将成员地址分配给struct中的其他成员

Question

Is the following safe in C?

struct Buffer {
  size_t size;
  int8_t *storage;
};

struct Context {
  struct Buffer buffer;
  int8_t my_storage[10];
};

struct Context my_context = {
  .buffer = {
    .size = 0,
    .storage = my_context.my_storage,
  },
  .my_storage = {0},
};

I am working with a micro controller and I don't want to have to use malloc. Also, to me it looks better to collect everything in the struct rather than have the storage as a separate variable outside the Context.

[edit1] I have tested it and it compiles and works, as in the pointers to my_context.my_storage and my_context.buffer.storage are the same, with gcc (Debian 4.7.2-5) 4.7.2 on Linux ... 3.2.0-4-amd64 #1 SMP Debian 3.2.65-1+deb7u2 x86_64 GNU/Linux

[edit2] In an answer that was later deleted I was referred to C99 standard section 6.7.8-19 "The initialization shall occur in initializer list order..." Would that mean that

struct Context my_context = {
  .my_storage = {0},
  .buffer = {
    .size = 0,
    .storage = my_context.my_storage,
  },
};

Is guaranteed to be safe? I interpret it that way.

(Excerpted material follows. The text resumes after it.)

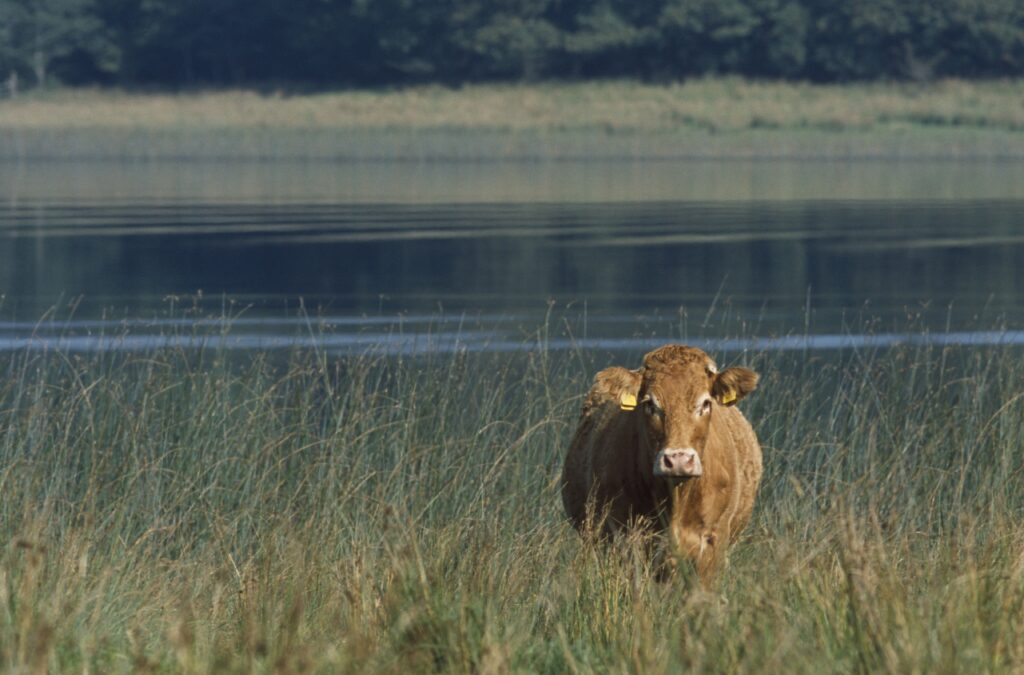 Cattle © Andy Hay (rspb-images.com)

[edit3] Below is a full working example.

#include <inttypes.h>
#include <stdio.h>
#include <stdlib.h>

struct Buffer {
  size_t size;
  int8_t *storage;
};

struct Context {
  struct Buffer buffer;
  int8_t my_storage[10];
};

struct Context my_context = {
  .buffer = {
    .size = 0,
    .storage = my_context.my_storage,
  },
  .my_storage = {0},
};

int
main(void)
{
  printf ("ptr points to: %" PRIXPTR "\n", (uintptr_t)my_context.buffer.storage);
  printf ("storage is at: %" PRIXPTR "\n", (uintptr_t)my_context.my_storage);
}

>> ./test
ptr points to: 600950
storage is at: 600950

Answer 1

Yes, this is fine. Assuming my_context has automatic storage duration, its lifetime begins on entry to the associated block, and during its lifetime it has a constant address ( 6.2.4 Storage durations of objects /2). (If it has static or thread storage duration instead, then its lifetime extends for the duration of the entire program or thread respectively).

It follows that my_context.my_storage also has a constant address over the lifetime of my_context , so taking its address (via array-to-pointer decay) for the initialization of my_context.buffer.storage will give the same value as it would after the initialization of my_context is complete.

Also note that the scope of my_context begins at the point its declaration is complete, which is just prior to the = of the initializer, so referring to it within its initializer is also fine.

Answer 2

This doesn't really have anything to do with designated initializers and the order of initialization. What you are actually asking is if something like this is well-defined:

typedef struct
{
  int* ptr;
  int  val; 
} struct_t;

struct_t s = {&s.val, 0};

And yes, I don't see why it shouldn't be. The compiler has to allocate s at an address in memory before attempting to initialize it. The order in which the struct members is allocated or initialized shouldn't matter.

---

However , writing initialization lists where one value of a struct depends on another value of the same struct is not safe! C11 6.7.9/23 says:

The evaluations of the initialization list expressions are indeterminately sequenced with respect to one another and thus the order in which any side effects occur is unspecified.

Assignment of a value to a variable is a "side effect". So code like this is unsafe:

typedef struct
{
  int  val1; 
  int  val2;
} struct_t;

struct_t s = {0, s.val1};

Because the compiler may evaluate the two expressions of the initializer list like this:

• s.val1 -> evaluate to the contents of val1 (garbage, it has not been initialized)
• 0 -> evaluate to 0
• write evaluated value (0) to val1, guaranteed to happen before:
• write evaluated value (garbage) to val2

So even though the initialization order is guaranteed, the order of evaluation of the initialization list is not. Though of course the compiler may have decided to evaluate the 0 expression first and then everything would have worked fine.

The bottom line is, don't write obscure initialization lists.